2.10. Statistical Analysis

Statistical analysis was performed using GraphPad Prism 9.5.0 software. The significance of differences between pairs of groups was analyzed using Student’s t-test. Results are presented as mean ± SEM, with p-value < 0.05 considered statistically significant.

3. Results

3.1. Generation and Verification of TARDBP KO Bovine Mammary Epithelial Cells

To investigate the role of bovine TARDBP in milk fat metabolism, a TARDBP KO MAC-T cell line was first obtained using CRISPR/Cas9 technology. Sequencing of the genomic region spanning the target site and subsequent sequence alignment analyses revealed a 10 bp deletion (5′-CATCGGAAGA-3′) in exon 2 of the TARDBP gene in KO cells, in contrast to WT controls (Figure 1a). This deletion resulted in a frameshift mutation, disrupting the encoding sequence after the 19th amino acid residue and introducing a premature stop codon at the 48th amino acid residue. Western blot analysis further validated the complete absence of TARDBP at the protein level in KO cells (Figure 1b).
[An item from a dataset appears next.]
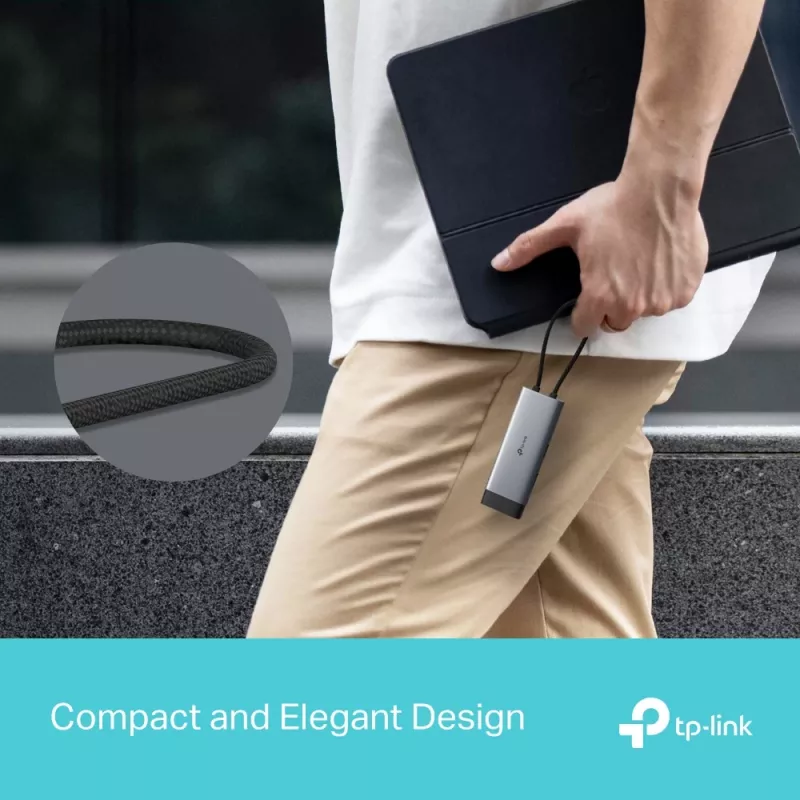 TP-Link UH5020C hub USB-C de 5 puertos, HDMI 4K@60Hz, 100 W Power Delivery, 1x USB-C, 2x USB-A, 5 Gbps, aluminio, gris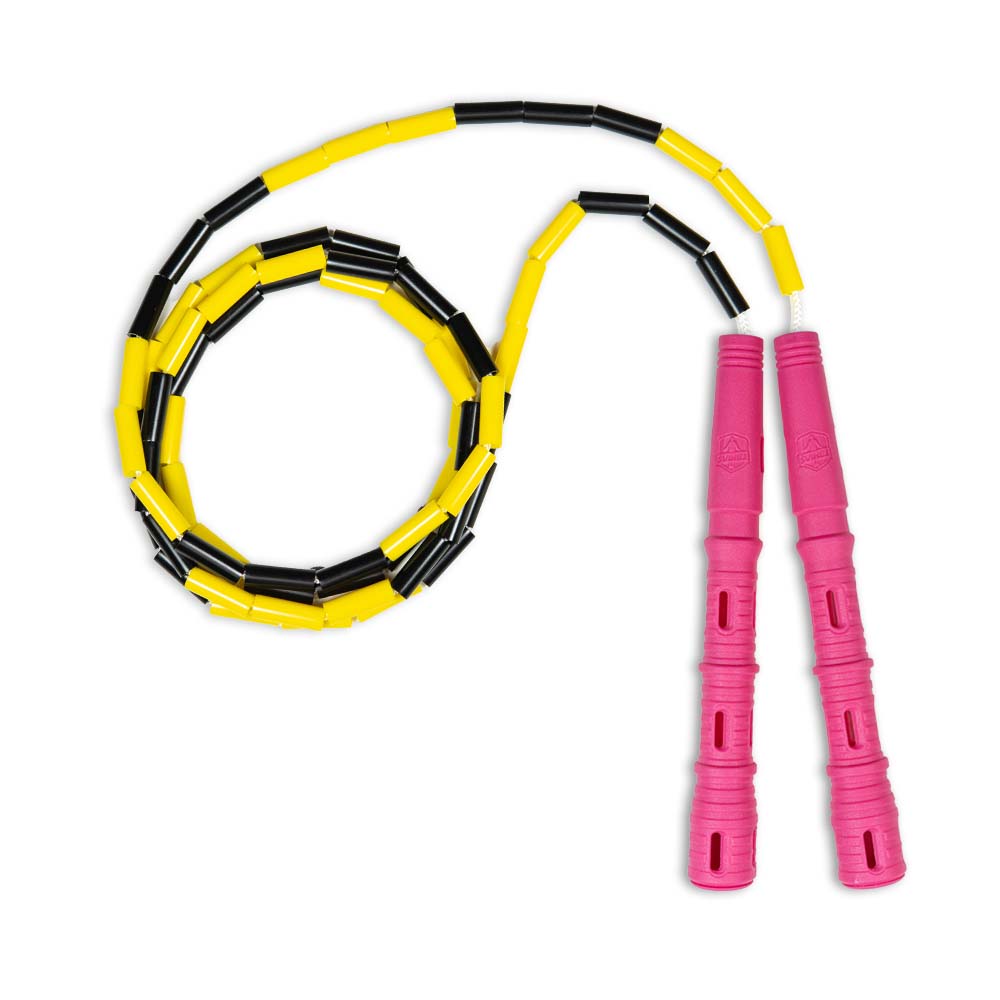 Korálkové Katana Rope - švihadlo pre začiatočníkov, nastaviteľná dĺžka, vhodné na chudnutie. Vyber farbu rukovätí:: Ružové, Vyber farbu korálikov: Žlto/čierna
Together, these results confirm the successful establishment of a TARDBP KO MAC-T cell model at both the DNA and protein levels.
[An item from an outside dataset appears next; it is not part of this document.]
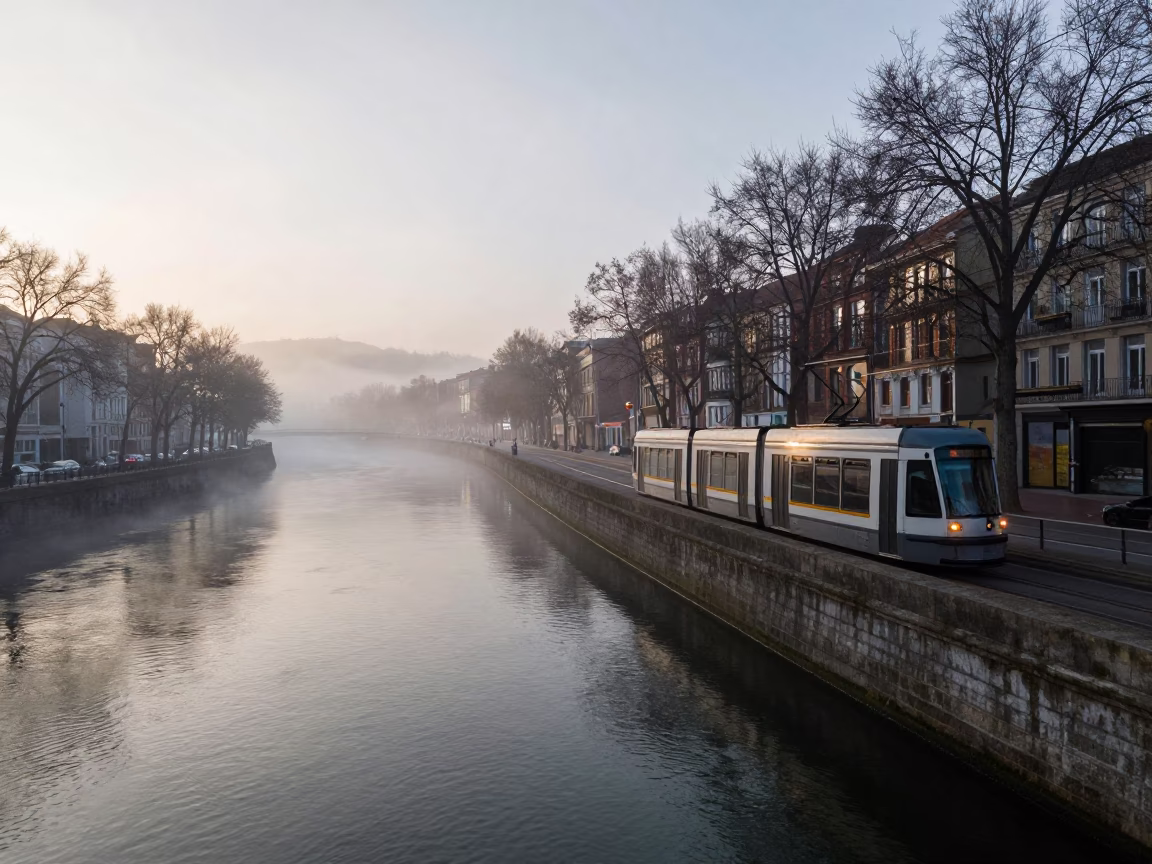 First Light Dawn Scene Along Bilbao Riverbank with Tramcar and Rust in in Bilbao, Spain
3.2. TARDBP KO Decreases the TAG Content in Both MAC-T Cells and the Supernatant

To evaluate the effect of bovine TARDBP on milk fat metabolism, TAG content in both MAC-T cells and their culture supernatant was quantified. TAG content was significantly reduced in TARDBP KO cells compared to WT controls (Figure 2a; p-value < 0.05). Similarly, TAG content in the supernatant of TARDBP KO cell cultures was also significantly lower than that in WT cell cultures (Figure 2b; p-value < 0.05). These findings demonstrate that TARDPB deficiency leads to decreased TAG content both within MAC-T cells and in the extracellular supernatant.

3.3. Overview of RNA Sequencing (RNA-Seq) Data

To investigate the impact of TARDBP on the transcriptome of MAC-T cells, RNA-seq of both WT and TARDBP KO MAC-T cells was carried out. All RNA samples were first assessed for quality, with RNA integrity number (RIN), concentration, and total amount confirming that each sample met the criteria for transcriptome analysis (Table S1). Sequencing quality metrics indicated high data quality, with Q30 scores exceeding 93% for all samples (Table S2) and clean data per sample exceeding 8.16 GB. Mapping statistics showed that more than 91% of clean reads aligned to the bovine reference genome, with over 89% uniquely mapped (Table S3).
Figure 3a shows that the square of the Pearson correlation coefficient (R2) between samples was greater than 0.984 in the WT group and higher than 0.979 in the KO group, indicating strong reproducibility among replicates.
Principal component analysis (PCA), commonly used to assess inter-group variation and intra-group clustering, was carried out based on the FPKM values for each sample. As shown in Figure 3b, the three principal components (PC1, PC2, and PC3) explained 57.87, 9.11, and 6.28% of the total variation, respectively, and effectively distinguished the WT and KO groups. Furthermore, samples within each group clustered closely, demonstrating consistent expression profiles.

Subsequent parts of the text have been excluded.